Security Scorecard, an organization that tests cybersecurity, found that both endpoint security and patching actually increased inside the federal government during the five-week partial shutdown.
The study illustrates the complicated nature of improving cybersecurity inside the federal government and the overwhelming workloads IT officials face.
“The most secure computer is one that is turned off, and there were a lot of turned off computers during the shutdown,” Alex Heid, chief research officer at Security Scorecard, told Fifth Domain. “We saw a drop in internet traffic coming from .gov during the shutdown,” which made the federal government “less of an exploitable attack vector.”
And for the computers that were on, the Security Scorecard research found that patching, or applying critical updates, experienced a 1.38 percent gain during the shutdown.

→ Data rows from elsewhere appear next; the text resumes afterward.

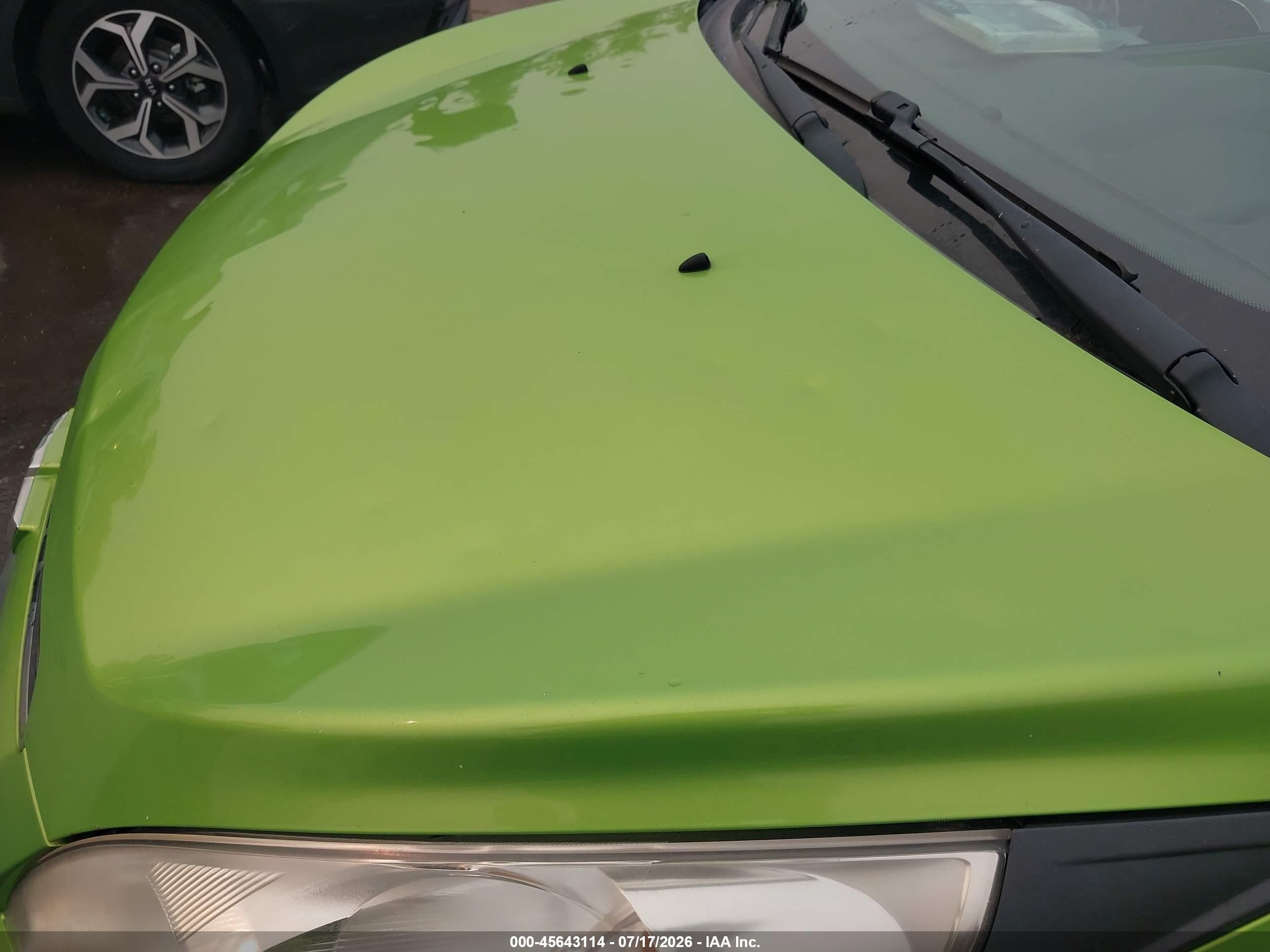 2014 Chevrolet Spark 1lt Auto Green vin: KL8CD6S99EC480599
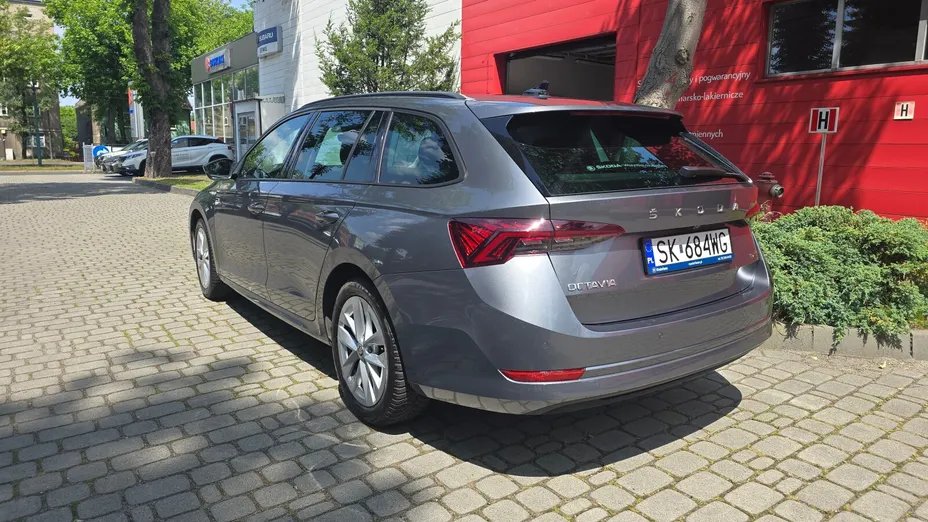 SKODA Octavia Octavia 1.5 TSI e-Tec Ambition DSG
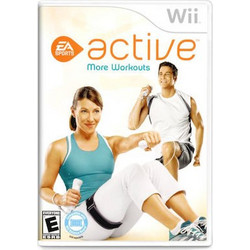Active More Workouts Used Wii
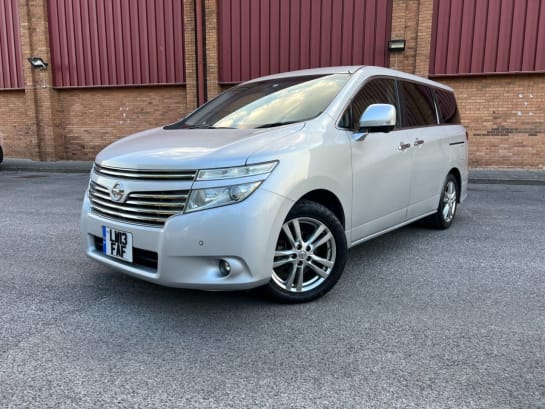 A null NISSAN ELGRAND 2.5 HIGHWAY STAR PETROL AUTO 8 SEATS WARRANTY, HPI CLEAR, BLUETOOTH, MOT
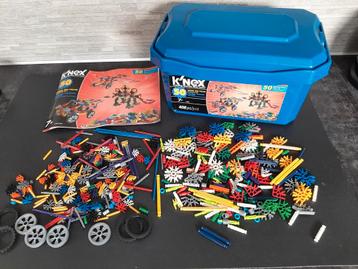 K'nex bouwstenen 50 model Big Value bouwset 7 + orginele bak beschikbaar voor biedingen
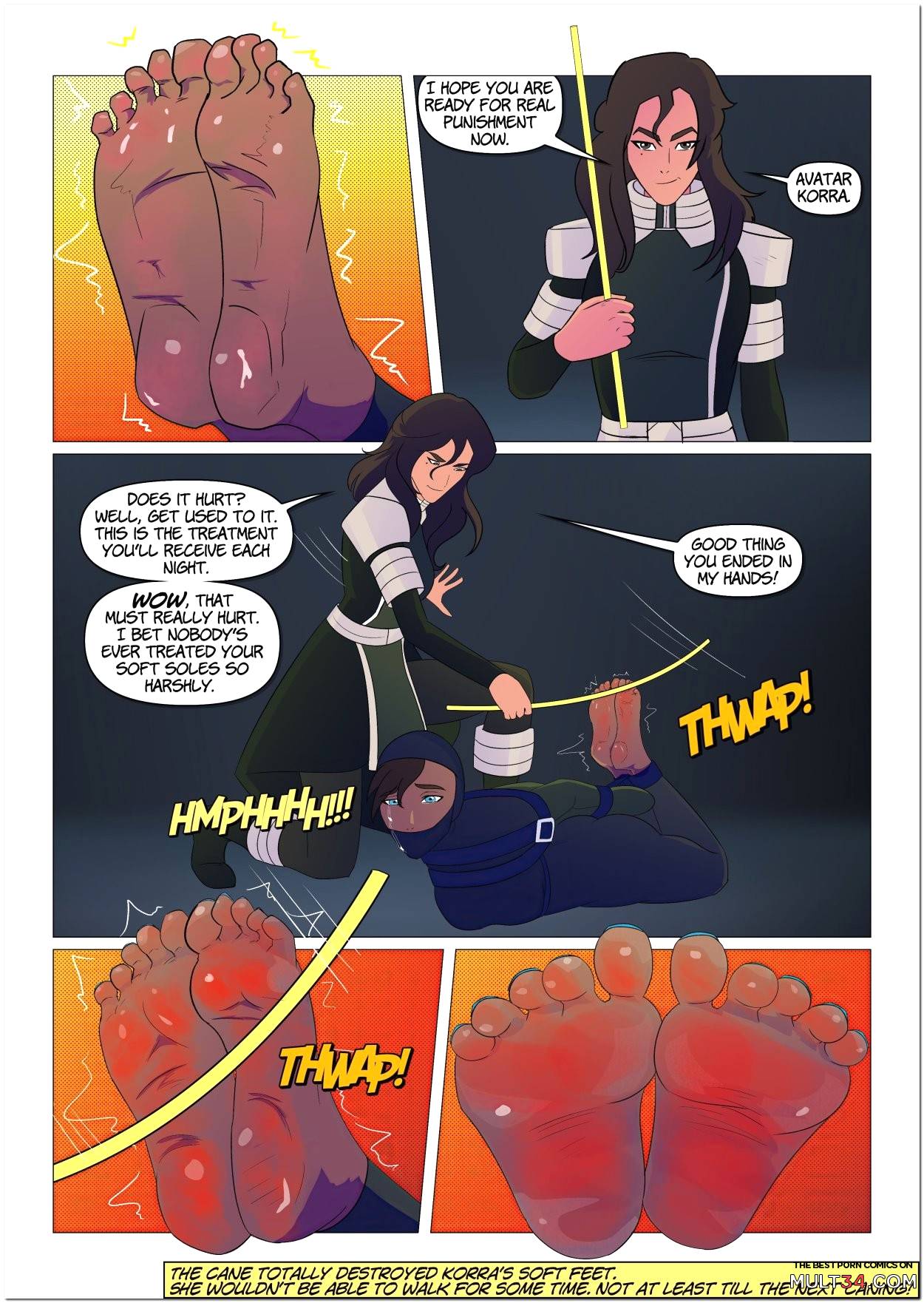 Book Four Chapter Six Avatar Buster page 14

Two potential reasons were cited. First, many essential security employees of the U.S. government were still working — with pay or without — during the federal shutdown. And because traffic was significantly reduced it was easier to patch devices during the shutdown.
“A lot of the more critical functions of the federal government continued to operate and it seems that patching exploitable conditions was one of them,” Heid said.
Federal employee workstations and mobile devices are considered to be the most vulnerable attack vectors, according to Security Scorecard.
The research also found that there was a 9.16 percent increase in endpoint security during the partial shutdown, which is correlated to the total number of internet traffic.
“Since the U.S. federal government was shut down, so were many of the workstations and endpoints. There was a noticeable drop in internet browsing traffic coming from the U.S. federal government,” the report said.
However, the report from Security Scorecard was not all positive.
The research found that network security decreased by 1.58 percent during the shutdown, which was caused by a rise in expiration of SSL certificates, which ensure encryption between a computer and a website. Still, this change was within the normal patterns of the U.S. government, according to Security Scorecard.
Heid admitted that he was “surprised by what we found,” but that it “makes a lot of sense.”
The federal government typically has some of the worst cybersecurity standards, according to the Security Scorecard report, although it has marginally increased over the past few years.
Overall, Heid said the positive and negative findings of the shutdown balanced out.
“There was very little impact from the standpoint of an external attack perspective,” Heid said. “The federal government’s network have always been a punching bag and incredibly vulnerable.”